Figures 19 and 20 show the dynamic FTIR characterization results of base asphalt and PW-modified asphalt. The analysis in Figure 19 shows that the strength of the functional groups and absorption peaks of the matrix asphalt are basically unchanged during the UV aging process, which indicates that the composition of the functional groups in the asphalt has not changed significantly during the UV aging process. At the same time, during the heating process, the absorption peak of asphalt still appears at the position of 3,000 cm⁻¹ wave number, and the intensity of the absorption peak also changes to a certain extent, which indicates that different substances will volatilize in the asphalt during the heating process.

Figure 19

Dynamic FTIR spectrum of AH-70# matrix asphalt under ultraviolet aging.

Figure 20

Dynamic FTIR spectrum of polymer-modified asphalt under ultraviolet aging.

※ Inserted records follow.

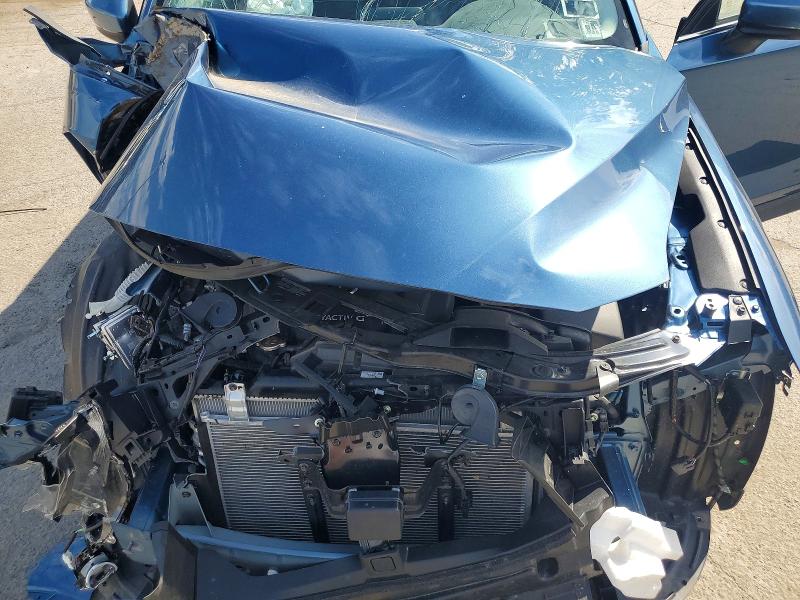 2020 Mazda Cx-5 მანქანა იყიდება აუქციონზე, vin: JM3KFBCM1L0732277, აუქციონის ნომერი: 57509346
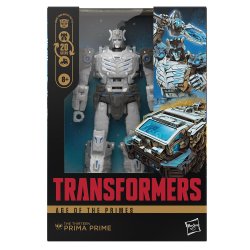 TRANSFORMERS AGE OF THE PRIMES VOYAGER CLASS THE THIRTEEN PRIMA PRIME - Package 1.jpg
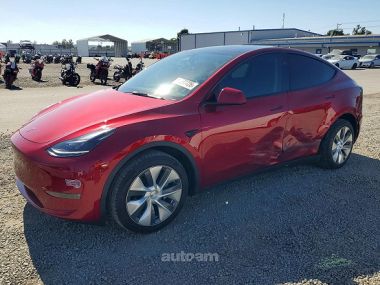 Tesla Model Y  2024 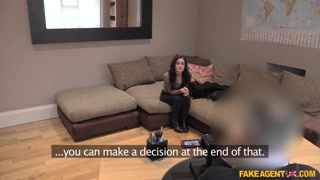 Petite Teen Facial in Office Setting - free porn in 4K FREE-FULL-PORN.COM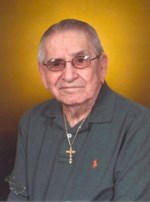 Antonio Rodarte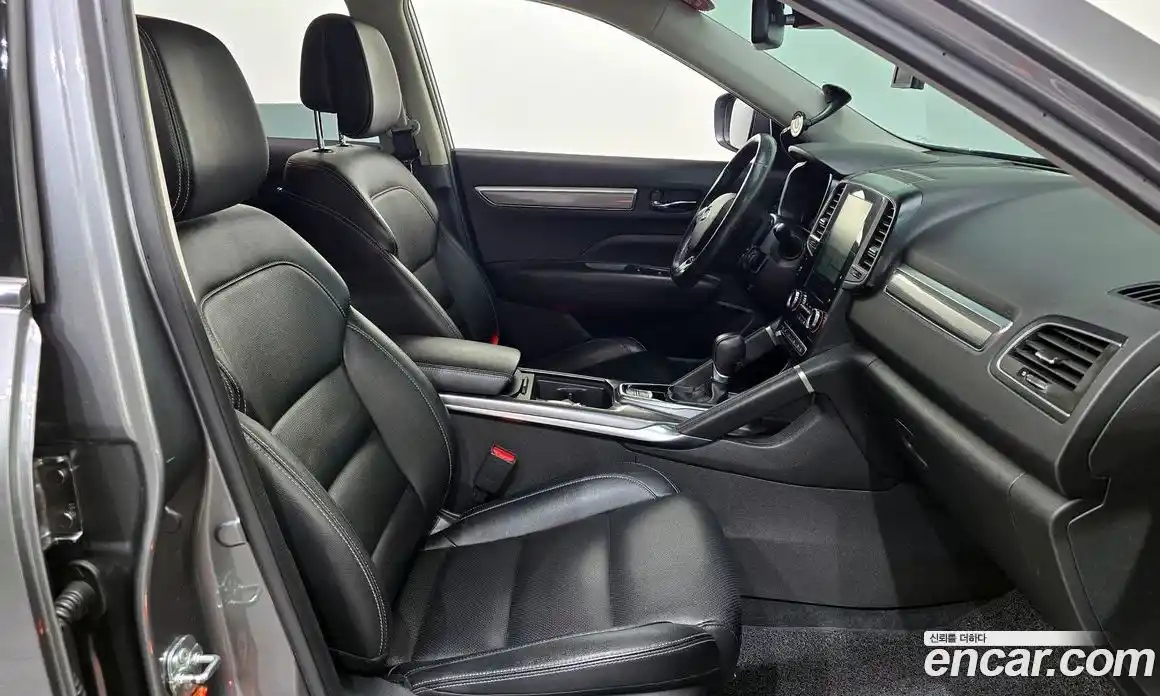 Renault QM6 2019 2.0 гидро в Москве, фото 12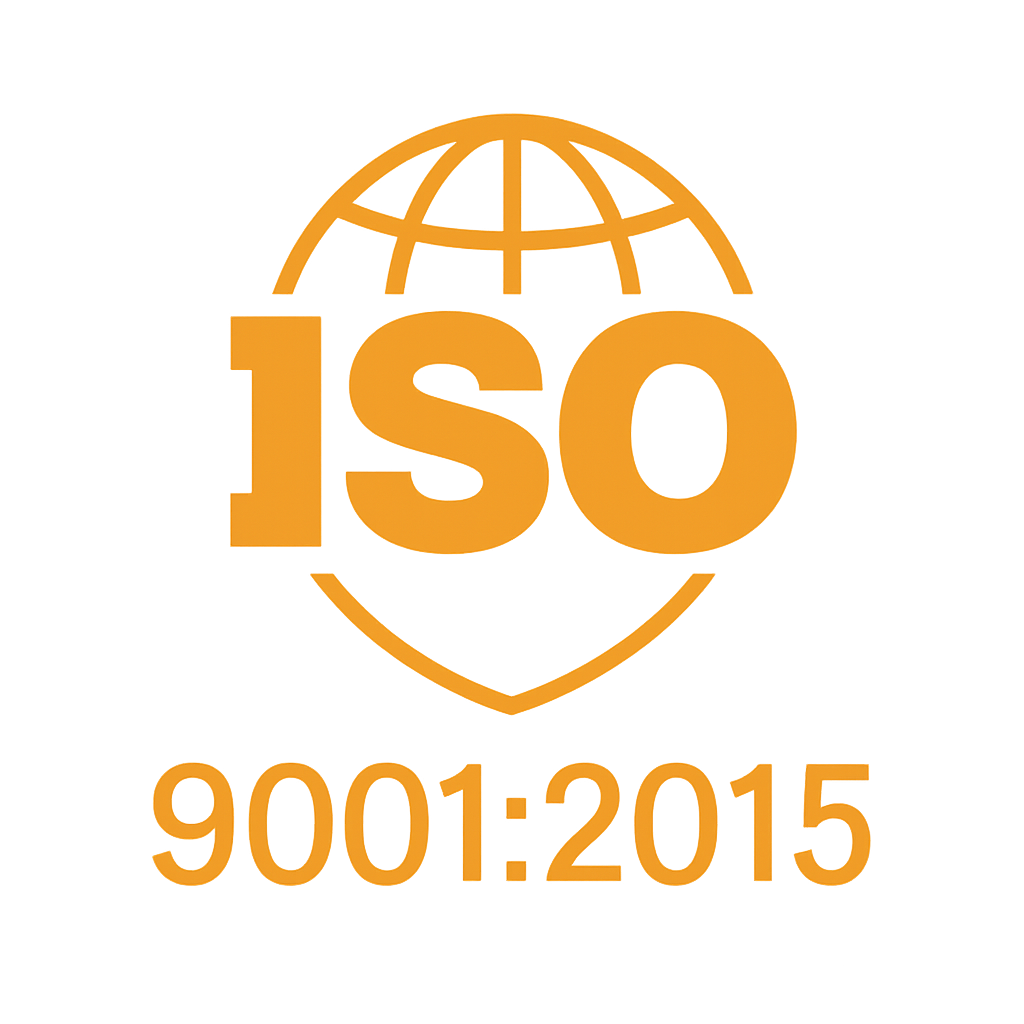 ISO 9001 and SA 8000 Certified Contract Factory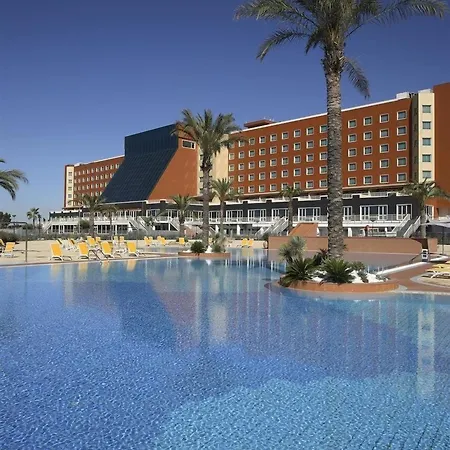 Ξενοδοχείο Marriott Park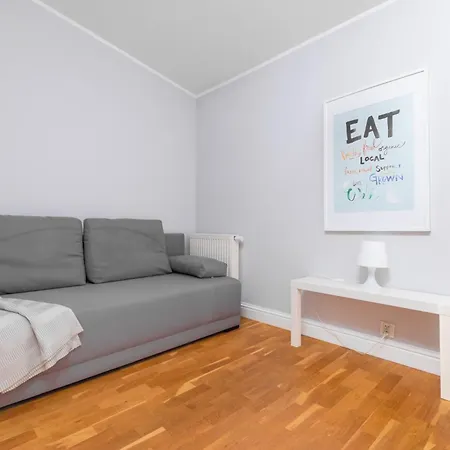 Stawowa Comfy Breslau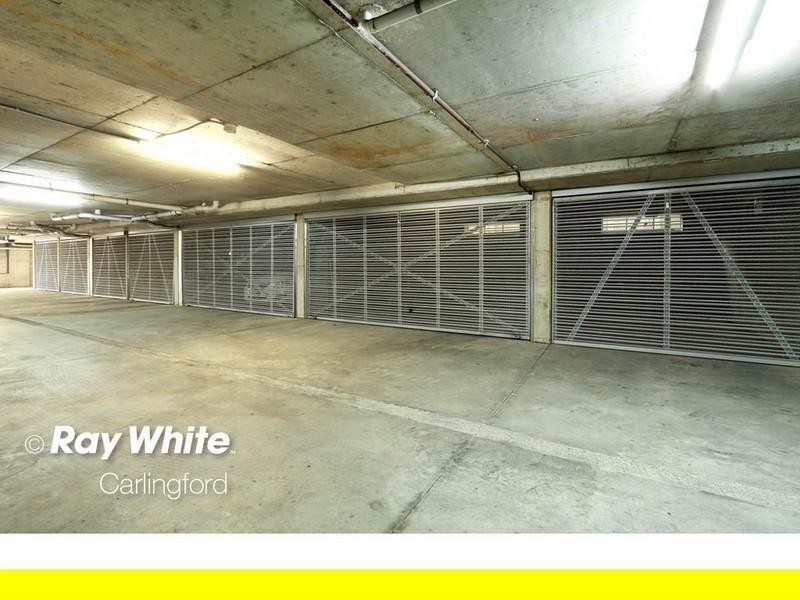 2/21-25 Jenkins Road, Carlingford NSW 2118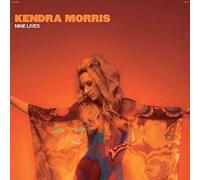 Morris Kendra - Nine Lives (Indie Exclusive)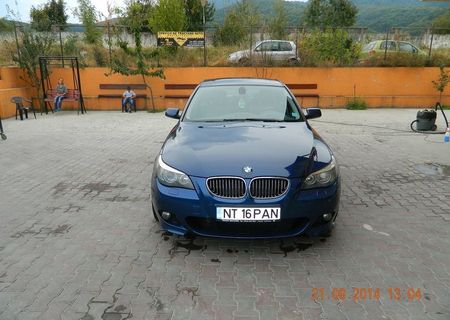 BMW 530 XD 2007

According to the analysis in Figure 20, with the change in UV aging time, the dynamic FTIR test results of PW-modified asphalt are different from that of base asphalt. Like the base asphalt, the main absorption peak of PW-modified asphalt also appears at the wave number of 3,000 cm⁻¹. However, with the gradual extension of UV aging time, the absorption peak with higher intensity also appeared at 2,400 cm⁻¹ wave number, which indicates that new functional groups may appear in PW-modified asphalt during UV radiation. This may be directly related to the improvement effect of the PW modifier on asphalt aging resistance.

3.5.2 Functional group indices

Figures 21 and 22 show the functional group index changes of AH-70# matrix asphalt and PW-modified asphalt. According to Figure 21, as the UV aging time prolonged, the aromatic functional groups, carbonyl groups, and sulfoxide group indices in the matrix asphalt increased gradually. When the UV aging time reaches 305 h, the characteristic functional group index reached the maximum value, indicating that the degree of UV aging of the matrix asphalt gradually became severe with the extension of UV irradiation time, which was basically consistent with the trend of changes in the macroscopic properties. According to Figure 22, it could be analyzed that the characteristic functional group index of PW-modified asphalt first increased and then decreased. When the UV irradiation time exceeded 228 h, the functional group index of carbonyl and sulfoxide groups significantly decreased. Meanwhile, further analysis in Figure 23 shows that the characteristic functional group index of PW-modified asphalt was significantly lower than that of the base asphalt. Compared to the matrix asphalt, the characteristic functional group index of PW-modified asphalt decreased by about 18.6 times, indicating that PW modifier could block the formation and accumulation of aging functional groups such as carbonyl and sulfoxide groups inside the asphalt effectively during UV aging, thereby achieving effective control of asphalt UV aging behavior.

Figure 21

Functional group indices of AH-70# base asphalt.

Figure 22

Functional group indices of PW modified asphalt.

Figure 23

Comparison of functional group indices between PW-modified asphalt and AH-70# asphalt. (a) I _AF, (b) I _C=0, and I _S=0.